I have not seen any good examples demonstrating the use of dask arrays with tensorflow. My particular use case is that I have a small-medium model that will train on a gpu worker, but I would like all cpu workers responsible for loading dask arrays into memory, probably applying simple ops, and sending to the single gpu machine. Training datasets are usually < 500gb and I am expecting < 5 epochs.
Why?
- I would like the gpu to be fully utilized by having the data loading and preprocessing be offloaded to non-gpu worker(s).
- I am able to fit the training op on a single gpu worker. Worst case, I select bigger gpus and increase the number of gpus per worker (limited to 8–I haven’t seen gpu nodes with more gpus than that). Basically, if I have a single gpu worker with (8) large gpus responsible for catching data processed on other workers and is primarily focused on model training, I should meet my training time requirements if the network can support the data transfer.
- If I need to scale to more than (8), than I will likely look into tf’s distributed strategy, parameter server approach, etc.
Background:
- We are deploying with helm on GKE
- No special networking options enabled
- I have tried to accomplish this with multiple worker groups and annotations, but I am failing to exceed .33gb/s transfer rate. (I’ll add some code in a bit)
Questions:
- Is this a reasonable task for dask?
- Is anyone doing this? I have a hard time believing I am the first to try this.

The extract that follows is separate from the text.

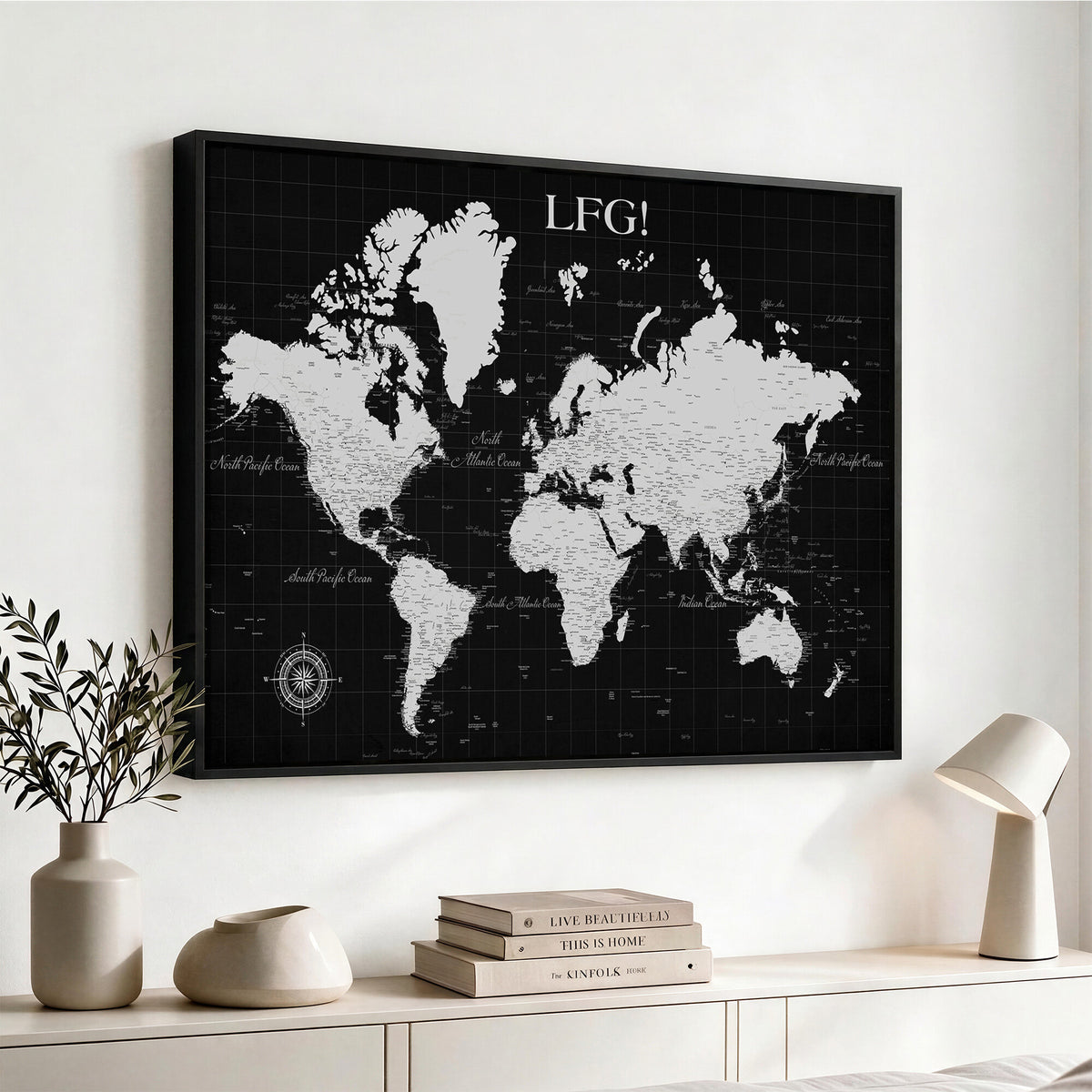 68209291-MGV-CV-36X24 - Extra Large Framed Personalize Push Pin World Map Wall Art Canvas Print for Travel Tracking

- Any rough guesses on the maximum data transfer rates from a group of workers to a single worker?
- Are there any recommended network optimizations to help speed up this data transfer?
- Is there any existing code that profiles data transfer between workers on separate nodes?
- would bypassing dask’s communication with a zmq-based protocol like GitHub - NVlabs/tensorcom help speed up data transfer?